La stavamo aspettando e puntualmente è arrivata! È la promessa di un nuovo condono edilizio che da decenni accompagna quasi ogni campagna elettorale italiana.

Certo, se fossimo in un Paese normale, avremmo potuto pensare che dopo il naufragio del disegno di legge Falanga a fine legislatura e lo stop alla legge regionale campana che introduceva il concetto di “abuso di necessità”, l’idea di un nuovo condono edilizio fosse finalmente uscita di scena: ma evidentemente non siamo un Paese normale! E così è ripartita la giostra delle promesse, subito seguite da mezze smentite e prese di distanza. Eppure si sa bene che il solo far balenare una proposta del genere produce danni: l’effetto annuncio fa ripartire subito gli appetiti e gli sfregi al territorio… se hanno detto che ci sarà, conviene iniziare a costruire, poi si vedrà.

E certamente noi italiani non abbiamo bisogno di farcelo dire due volte di costruire senza autorizzazioni: secondo i dati ISTAT, se nel 2012 si edificavano 14 costruzioni abusive ogni 100 autorizzate, nel 2016 si arriva a quasi 20 ogni 100 (48 su 100 nel Sud). Il condono, se si esclude chi lo fa, non presenta aspetti positivi per nessuno.

Innanzitutto legittima comportamenti illegali autorizzando retroattivamente a dilapidare il capitale naturale e paesaggistico del nostro Paese. In secondo luogo favorisce le edificazioni selvagge che provocano o amplificano il dissesto idrogeologico e il rischio sismico mettendo in pericolo la stessa vita umana di tanti cittadini.

E infine penalizza le persone oneste che rispettano la legge, a vantaggio di quanti invece commettono abusi. Dal punto di vista della tasche degli italiani, poi, è un vero e proprio salasso. Uno studio del CRESME (Centro ricerche economiche e sociali del mercato dell’edilizia) del 2015 dimostra come il condono sia un pessimo affare per le casse pubbliche: prendendo a riferimento la sanatoria del 2003, a fronte di un importo medio di 15 mila euro versati per ogni singolo abuso, gli enti locali ne spendono poi in media circa 100 mila per portare strade, fognature e altre infrastrutture ai nuclei illegali.
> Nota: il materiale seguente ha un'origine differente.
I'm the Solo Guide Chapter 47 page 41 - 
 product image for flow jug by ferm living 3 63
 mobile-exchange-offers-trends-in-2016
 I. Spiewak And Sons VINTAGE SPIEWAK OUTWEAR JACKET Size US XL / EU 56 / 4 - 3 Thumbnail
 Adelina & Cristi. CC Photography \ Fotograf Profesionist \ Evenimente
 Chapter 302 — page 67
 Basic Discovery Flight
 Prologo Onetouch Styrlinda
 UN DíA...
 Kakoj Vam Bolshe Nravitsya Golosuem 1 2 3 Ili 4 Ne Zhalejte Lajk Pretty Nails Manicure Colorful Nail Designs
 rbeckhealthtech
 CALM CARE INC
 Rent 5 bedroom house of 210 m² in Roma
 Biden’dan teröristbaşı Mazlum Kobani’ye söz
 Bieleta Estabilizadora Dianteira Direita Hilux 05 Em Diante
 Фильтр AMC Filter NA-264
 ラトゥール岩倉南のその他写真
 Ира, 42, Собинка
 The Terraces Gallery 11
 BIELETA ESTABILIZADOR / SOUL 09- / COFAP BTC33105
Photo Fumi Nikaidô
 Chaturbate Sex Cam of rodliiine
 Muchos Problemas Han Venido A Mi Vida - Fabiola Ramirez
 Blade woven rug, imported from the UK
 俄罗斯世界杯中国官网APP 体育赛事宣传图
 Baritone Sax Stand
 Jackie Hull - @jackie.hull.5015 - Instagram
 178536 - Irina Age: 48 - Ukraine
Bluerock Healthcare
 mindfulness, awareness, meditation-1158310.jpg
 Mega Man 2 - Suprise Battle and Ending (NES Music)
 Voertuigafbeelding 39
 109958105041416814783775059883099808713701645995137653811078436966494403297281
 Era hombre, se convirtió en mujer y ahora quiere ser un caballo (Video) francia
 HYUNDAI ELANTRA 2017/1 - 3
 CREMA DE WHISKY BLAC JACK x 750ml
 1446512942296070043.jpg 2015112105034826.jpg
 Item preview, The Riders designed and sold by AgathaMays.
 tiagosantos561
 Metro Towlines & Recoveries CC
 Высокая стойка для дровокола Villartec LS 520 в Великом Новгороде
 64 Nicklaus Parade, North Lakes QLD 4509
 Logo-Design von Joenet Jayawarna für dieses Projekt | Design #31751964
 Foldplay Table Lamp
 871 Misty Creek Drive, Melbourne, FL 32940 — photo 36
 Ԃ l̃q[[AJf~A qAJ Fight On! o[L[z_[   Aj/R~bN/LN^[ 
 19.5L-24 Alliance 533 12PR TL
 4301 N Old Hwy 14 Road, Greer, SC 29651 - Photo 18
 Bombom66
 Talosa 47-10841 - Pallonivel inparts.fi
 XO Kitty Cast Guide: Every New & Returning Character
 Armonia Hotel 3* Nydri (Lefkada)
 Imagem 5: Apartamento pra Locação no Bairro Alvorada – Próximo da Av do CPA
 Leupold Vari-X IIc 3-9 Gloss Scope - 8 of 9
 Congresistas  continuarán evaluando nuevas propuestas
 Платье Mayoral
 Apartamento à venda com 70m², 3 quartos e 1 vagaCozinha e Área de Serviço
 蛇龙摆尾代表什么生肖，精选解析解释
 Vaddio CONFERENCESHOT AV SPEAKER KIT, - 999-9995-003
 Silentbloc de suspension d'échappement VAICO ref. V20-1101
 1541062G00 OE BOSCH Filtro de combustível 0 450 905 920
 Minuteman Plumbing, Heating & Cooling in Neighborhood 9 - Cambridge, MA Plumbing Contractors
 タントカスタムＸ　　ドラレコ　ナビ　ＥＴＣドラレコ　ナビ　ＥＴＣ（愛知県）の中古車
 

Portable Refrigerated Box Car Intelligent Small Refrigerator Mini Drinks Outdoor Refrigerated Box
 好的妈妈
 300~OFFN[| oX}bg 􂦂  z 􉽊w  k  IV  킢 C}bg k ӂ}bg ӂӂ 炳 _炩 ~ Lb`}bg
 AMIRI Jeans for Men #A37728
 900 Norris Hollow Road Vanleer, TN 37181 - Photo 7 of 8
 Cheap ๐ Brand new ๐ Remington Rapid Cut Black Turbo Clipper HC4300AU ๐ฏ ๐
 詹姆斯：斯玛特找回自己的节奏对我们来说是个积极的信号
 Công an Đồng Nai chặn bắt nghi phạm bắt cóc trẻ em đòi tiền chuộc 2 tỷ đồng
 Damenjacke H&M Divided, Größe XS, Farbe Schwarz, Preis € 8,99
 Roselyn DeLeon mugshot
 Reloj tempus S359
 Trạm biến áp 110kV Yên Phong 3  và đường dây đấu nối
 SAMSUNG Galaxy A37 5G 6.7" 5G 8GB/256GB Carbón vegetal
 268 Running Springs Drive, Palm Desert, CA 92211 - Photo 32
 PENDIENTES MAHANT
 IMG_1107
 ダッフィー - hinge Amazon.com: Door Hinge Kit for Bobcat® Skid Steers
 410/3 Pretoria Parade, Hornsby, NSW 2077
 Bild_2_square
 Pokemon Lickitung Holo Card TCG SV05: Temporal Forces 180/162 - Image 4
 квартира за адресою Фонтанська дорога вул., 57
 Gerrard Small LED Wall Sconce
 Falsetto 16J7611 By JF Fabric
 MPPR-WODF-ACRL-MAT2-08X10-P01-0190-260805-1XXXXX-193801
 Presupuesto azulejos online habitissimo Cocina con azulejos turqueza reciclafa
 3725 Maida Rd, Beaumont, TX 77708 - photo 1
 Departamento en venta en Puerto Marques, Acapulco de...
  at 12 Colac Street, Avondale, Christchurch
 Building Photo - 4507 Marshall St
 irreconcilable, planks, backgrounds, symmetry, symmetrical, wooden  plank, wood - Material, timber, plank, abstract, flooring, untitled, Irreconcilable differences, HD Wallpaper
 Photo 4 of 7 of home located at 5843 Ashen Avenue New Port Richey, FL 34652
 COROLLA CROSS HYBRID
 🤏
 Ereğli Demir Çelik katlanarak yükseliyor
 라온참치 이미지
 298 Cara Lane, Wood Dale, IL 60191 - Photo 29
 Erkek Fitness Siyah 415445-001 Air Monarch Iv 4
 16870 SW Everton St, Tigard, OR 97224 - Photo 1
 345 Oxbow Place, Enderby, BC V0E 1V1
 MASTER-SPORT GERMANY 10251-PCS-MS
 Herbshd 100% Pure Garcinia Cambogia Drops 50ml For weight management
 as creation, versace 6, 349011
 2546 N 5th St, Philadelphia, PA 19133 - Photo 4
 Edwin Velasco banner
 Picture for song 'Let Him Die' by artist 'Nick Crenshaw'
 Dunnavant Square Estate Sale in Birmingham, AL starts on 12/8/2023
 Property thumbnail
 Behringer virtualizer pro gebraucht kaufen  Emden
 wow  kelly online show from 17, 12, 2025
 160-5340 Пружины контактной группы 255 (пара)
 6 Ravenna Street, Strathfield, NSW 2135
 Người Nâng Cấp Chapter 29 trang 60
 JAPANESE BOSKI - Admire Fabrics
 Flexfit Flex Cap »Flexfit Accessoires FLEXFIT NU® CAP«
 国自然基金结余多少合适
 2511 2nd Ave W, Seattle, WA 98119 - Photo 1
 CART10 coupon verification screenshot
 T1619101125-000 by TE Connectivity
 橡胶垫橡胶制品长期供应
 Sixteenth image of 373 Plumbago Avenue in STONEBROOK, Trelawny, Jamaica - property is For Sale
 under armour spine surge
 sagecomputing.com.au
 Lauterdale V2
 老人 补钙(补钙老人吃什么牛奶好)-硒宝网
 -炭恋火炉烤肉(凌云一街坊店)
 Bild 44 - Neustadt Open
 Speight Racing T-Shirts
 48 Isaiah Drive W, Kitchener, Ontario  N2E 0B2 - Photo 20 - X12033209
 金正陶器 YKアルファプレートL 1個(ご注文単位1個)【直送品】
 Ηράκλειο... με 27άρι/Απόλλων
Con un territorio così fragile e fortemente antropizzato, una delle priorità della prossima legislatura dovrebbe essere l’esatto contrario dei condoni: approvare finalmente una legge per lo stop al consumo del suolo. Una priorità a cui la legislatura appena conclusa colpevolmente non è riuscita o non ha voluto dare una risposta e che rappresenta invece una vera emergenza nazionale.

Ormai non ci possiamo permettere di consumare altro suolo libero, bene comune e risorsa scarsa in Italia. Divoriamo suolo ad un ritmo di circa 30 ettari al giorno, 3 metri quadrati al secondo. Sulla base di elaborazioni di un gruppo di ricerca dell’Università dell’Aquila si è potuto verificare come in Italia non sia più possibile tracciare un cerchio di 10 km di diametro senza incontrare un nucleo edificato. Porre fine alla rapina del territorio non sarebbe solo una questione di sostenibilità e di resilienza dei sistemi naturali, ma anche di credibilità delle Istituzioni. È veramente degradante vedere lo Stato gettare la spugna e ammettere di non essere in grado di controllare cosa accade sul proprio territorio, accontentandosi di ricavare qualche spicciolo dal malaffare.

Senza considerare la presa in giro. Da sempre chi promette i condoni lo fa annunciando contemporaneamente la fine di tutti i condoni! In occasione del condono del 2003 (il terzo in 18 anni, dopo quello del 1985 e quello del 1994) l’allora ministro dell’Economia e delle Finanze, Giulio Tremonti, dichiarò solennemente non solo che quello sarebbe stato l’ultimo, ma che avrebbe sanato una volta per tutte il malcostume italiano di costruire abusivamente: peccato che la realtà ci abbia poi dimostrato esattamente il contrario!